Molecules 2018, 23(6), 1263; https://doi.org/10.3390/molecules23061263
Received: 10 April 2018 / Revised: 22 May 2018 / Accepted: 22 May 2018 / Published: 25 May 2018
(This article belongs to the Section Natural Products Chemistry)

Abstract

Sporulosol (1), a new ketal, together with four known compounds, has been isolated from the liquid fermentation cultures of a wetland-soil-derived fungus, Paraconiothyrium sporulosum. Its structure was elucidated primarily by NMR experiments, and was further confirmed by X-ray crystallography. Sporulosol was obtained as a racemic mixture and the resolved two enantiomers racemized immediately after chiral separation. Sporulosol appears to be the first ketal derived from a 6H-benzo[c]chromen-6-one and a benzofuranone unit. The compound showed modest cytotoxicity toward the human tumor cell line T24, with an IC50 value of 18.2 µM.
Keywords: Paraconiothyrium sporulosum; ketal; racemate; cytotoxicity Paraconiothyrium sporulosum; ketal; racemate; cytotoxicity

1. Introduction

Fungi are one of the most important sources of new drugs or lead compounds; many important medicines have been discovered directly from fungi or developed based on their secondary metabolites [1], such as the antibiotic penicillin, anti-cholesteremic agent lovastatin, immuno-suppressant cyclosporin A, and the anti-multiple sclerosis fingolimod. Fungal species isolated from the wetland environments have attracted increasing attention due to their ability to produce a variety of bioactive secondary metabolites. Examples include stachybisbins A and B [2], flaviphenalenones A–C, aspulvinones P and Q, methybutyrolactone III [3,4], 5-hydroxymethylasterric acid, 3,5-dichlorosulochrin [4], and isocoumarin glycosides [5]. Based on this consideration, we initiated chemical studies of the wetland-soil-derived fungal species in the genus of Paraconiothyrium, which was reclassified as a separate genus as Paraconiothyrium by Verkley in 2004 [6]. Prior to our chemical studies, a variety of bioactive secondary metabolites were reported from this genus [7,8,9,10,11,12,13,14,15,16,17]. Our chemical investigations of P. brasiliense, and P. hawaiiense grown in solid-substrate fermentation cultures have also resulted in the isolation of structurally diverse and biologically active natural products including brasilamides A–N and hawaiinolides A–G [18,19,20,21,22]. During an ongoing search for new bioactive secondary metabolites from the species of this genus, a strain of Paraconiothyrium sporulosum, which was collected at Poyang Lake, Jiangxi Province, People’s Republic of China, was subjected to our chemical investigation.

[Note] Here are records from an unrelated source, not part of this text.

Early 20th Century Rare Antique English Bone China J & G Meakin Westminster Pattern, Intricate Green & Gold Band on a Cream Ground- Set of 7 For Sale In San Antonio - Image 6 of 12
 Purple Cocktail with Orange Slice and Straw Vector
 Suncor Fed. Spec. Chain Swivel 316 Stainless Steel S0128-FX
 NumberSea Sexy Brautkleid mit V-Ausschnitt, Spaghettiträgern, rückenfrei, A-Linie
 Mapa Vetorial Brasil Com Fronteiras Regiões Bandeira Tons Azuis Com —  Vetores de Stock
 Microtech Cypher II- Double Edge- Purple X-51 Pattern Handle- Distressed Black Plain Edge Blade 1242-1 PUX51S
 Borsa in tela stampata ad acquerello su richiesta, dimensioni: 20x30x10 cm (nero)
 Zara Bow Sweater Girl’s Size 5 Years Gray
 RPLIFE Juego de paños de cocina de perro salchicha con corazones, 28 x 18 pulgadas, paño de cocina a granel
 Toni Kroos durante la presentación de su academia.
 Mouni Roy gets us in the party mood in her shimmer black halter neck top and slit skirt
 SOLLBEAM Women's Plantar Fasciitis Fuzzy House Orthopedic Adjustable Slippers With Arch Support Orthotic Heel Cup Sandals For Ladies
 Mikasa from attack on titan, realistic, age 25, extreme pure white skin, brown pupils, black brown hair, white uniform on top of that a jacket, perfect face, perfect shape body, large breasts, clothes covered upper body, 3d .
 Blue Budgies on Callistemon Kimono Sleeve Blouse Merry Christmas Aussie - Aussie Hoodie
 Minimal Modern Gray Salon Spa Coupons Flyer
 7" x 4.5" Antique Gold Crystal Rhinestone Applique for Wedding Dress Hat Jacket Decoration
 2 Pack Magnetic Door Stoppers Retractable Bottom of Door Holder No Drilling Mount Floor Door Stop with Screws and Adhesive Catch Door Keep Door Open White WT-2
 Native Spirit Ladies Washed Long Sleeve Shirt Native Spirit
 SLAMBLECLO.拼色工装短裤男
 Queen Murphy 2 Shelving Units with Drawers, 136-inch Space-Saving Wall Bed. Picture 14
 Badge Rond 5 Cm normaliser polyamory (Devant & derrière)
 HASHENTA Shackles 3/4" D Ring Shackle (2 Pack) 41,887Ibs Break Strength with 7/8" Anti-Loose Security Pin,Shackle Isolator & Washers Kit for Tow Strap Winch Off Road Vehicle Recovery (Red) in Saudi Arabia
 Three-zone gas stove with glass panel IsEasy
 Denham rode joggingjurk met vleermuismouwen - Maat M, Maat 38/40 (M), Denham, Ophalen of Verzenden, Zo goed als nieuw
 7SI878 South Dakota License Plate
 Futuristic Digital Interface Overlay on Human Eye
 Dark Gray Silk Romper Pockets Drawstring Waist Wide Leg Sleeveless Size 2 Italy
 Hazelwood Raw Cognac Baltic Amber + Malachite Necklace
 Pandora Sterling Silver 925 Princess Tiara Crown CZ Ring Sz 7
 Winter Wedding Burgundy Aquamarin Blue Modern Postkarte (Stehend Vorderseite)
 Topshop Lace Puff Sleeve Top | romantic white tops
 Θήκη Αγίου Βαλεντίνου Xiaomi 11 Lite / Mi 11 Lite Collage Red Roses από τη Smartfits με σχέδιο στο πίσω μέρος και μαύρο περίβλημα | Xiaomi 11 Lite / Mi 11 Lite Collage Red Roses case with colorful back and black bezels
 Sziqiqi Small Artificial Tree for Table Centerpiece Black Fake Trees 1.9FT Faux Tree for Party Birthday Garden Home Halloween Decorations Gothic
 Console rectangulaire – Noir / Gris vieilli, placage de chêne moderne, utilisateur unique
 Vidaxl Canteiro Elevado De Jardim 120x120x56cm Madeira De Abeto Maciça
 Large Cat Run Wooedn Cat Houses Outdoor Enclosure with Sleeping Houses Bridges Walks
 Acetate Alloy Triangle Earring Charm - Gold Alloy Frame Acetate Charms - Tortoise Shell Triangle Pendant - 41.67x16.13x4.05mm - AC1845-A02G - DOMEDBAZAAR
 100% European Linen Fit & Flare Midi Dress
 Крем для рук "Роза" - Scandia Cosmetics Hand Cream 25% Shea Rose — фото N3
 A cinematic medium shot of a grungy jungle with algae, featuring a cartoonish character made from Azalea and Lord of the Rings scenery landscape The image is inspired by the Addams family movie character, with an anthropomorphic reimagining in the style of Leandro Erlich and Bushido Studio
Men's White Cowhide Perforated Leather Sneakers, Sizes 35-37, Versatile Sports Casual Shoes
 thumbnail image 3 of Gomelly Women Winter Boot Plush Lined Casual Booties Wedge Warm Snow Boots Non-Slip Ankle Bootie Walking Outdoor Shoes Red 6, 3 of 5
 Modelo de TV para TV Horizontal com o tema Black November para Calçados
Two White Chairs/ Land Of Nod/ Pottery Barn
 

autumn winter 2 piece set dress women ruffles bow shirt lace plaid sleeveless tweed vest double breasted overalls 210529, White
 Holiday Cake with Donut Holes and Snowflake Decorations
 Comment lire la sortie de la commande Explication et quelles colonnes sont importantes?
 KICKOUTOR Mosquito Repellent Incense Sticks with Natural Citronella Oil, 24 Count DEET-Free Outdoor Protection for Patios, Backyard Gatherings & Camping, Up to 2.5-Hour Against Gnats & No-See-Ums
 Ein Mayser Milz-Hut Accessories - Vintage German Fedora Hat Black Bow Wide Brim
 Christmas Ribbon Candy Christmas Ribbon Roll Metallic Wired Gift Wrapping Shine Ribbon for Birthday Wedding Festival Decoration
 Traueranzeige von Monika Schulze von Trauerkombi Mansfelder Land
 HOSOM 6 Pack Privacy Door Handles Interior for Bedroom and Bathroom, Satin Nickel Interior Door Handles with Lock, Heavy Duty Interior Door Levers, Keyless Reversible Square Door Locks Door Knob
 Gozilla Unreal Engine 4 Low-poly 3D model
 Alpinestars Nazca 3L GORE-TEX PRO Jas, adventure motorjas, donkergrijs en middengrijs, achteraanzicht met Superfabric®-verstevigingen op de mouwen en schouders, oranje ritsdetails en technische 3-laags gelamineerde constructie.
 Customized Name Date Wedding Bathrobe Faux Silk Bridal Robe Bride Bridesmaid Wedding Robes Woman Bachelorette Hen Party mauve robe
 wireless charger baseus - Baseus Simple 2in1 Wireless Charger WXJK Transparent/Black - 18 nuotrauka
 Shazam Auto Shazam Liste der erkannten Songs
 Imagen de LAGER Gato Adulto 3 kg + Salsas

A new ketal, named sporulosol (1), was isolated from the liquid fermentation cultures of the fungus, together with four known compounds (25; Figure 1). Details of the isolation, structure elucidation, and cytotoxicity of these compounds are reported herein.

2. Results and Discussion

Sporulosol (1) was assigned a molecular formula of C26H22O8 (16 degrees of unsaturation) on the basis of high-resolution electrospray ionization mass spectrometry (HRESIMS). Analysis of its nuclear magnetic resonance (NMR) data (Table 1) revealed the presence of an exchangeable proton (δH 11.89), five methyl groups including two O-methyls, one ketal carbon (δC 105.4), 18 aromatic/olefinic carbons with six protonated, one carboxylic carbon (δC 164.4), and one α,β-unsaturated ketone carbon (δC 195.9). These data accounted for all the NMR resonances and suggested that 1 was a pentacyclic metabolite. The 1H and 13C NMR data of 1 (Table 1) revealed structural features that were closely related to the known compounds graphislactone A (3) [23] and 2-hydroxy-2,4-dimethyl-3(2H)-benzofuranone [24], but some chemical shifts for 1 were significantly different from those reported for the known compounds, warranting detailed 2D NMR analysis. Interpretation of the NMR data revealed a tetrasubstituted aryl ring (A), with a hydroxy and an O-methyl group attached to C-7 and C-9, respectively, which was confirmed by the HMBC correlations from H-8 to C-6a, C-7, and C-10a; H-10 to C-6a, C-9, and C-10a; OH-7 to C-7 and C-8; and from H3-11 to C-9. Correlations from H-2 to C-1, C-3, C-4, C-4a, and C-10b; H3-13 to C-1 and C-2; and from H3-12 to C-3 established the pentasubstituted aryl ring (C). In turn, the HMBC cross peaks from H-4′ to C-5′, C-6′, and C-7′; H-5′ to C-4′ and C-6′a; H-6′ to C-2′a and C-5′; and from H3-7′ to C-2′a, C-3′, and C-4′ enabled junction of the trisubstituted aryl ring (E) with a methyl group attached to C-3′. Additional correlations from H3-8′ to C-1′ and C-2′, plus the 13C NMR chemical shifts for C-2′a (δC 117.4) and C-6′a (δC 170.0), indicated that these three carbons form an α,β-unsaturated ketone with C-1′ connected to C-6′a via the C-1′/C-6′a ether linkage. Considering the 1H NMR chemical shift of OH-7 (δH 11.89) and the unsaturation requirement of 1, the carboxylic carbon (δC 164.4) was connected to C-6, and acylated the C-4a oxygen to form ring B, while C-4 and C-1′ were attached to the only remaining oxygen atom to form an ester linkage. Based on these data, the planar structure of 1 was established.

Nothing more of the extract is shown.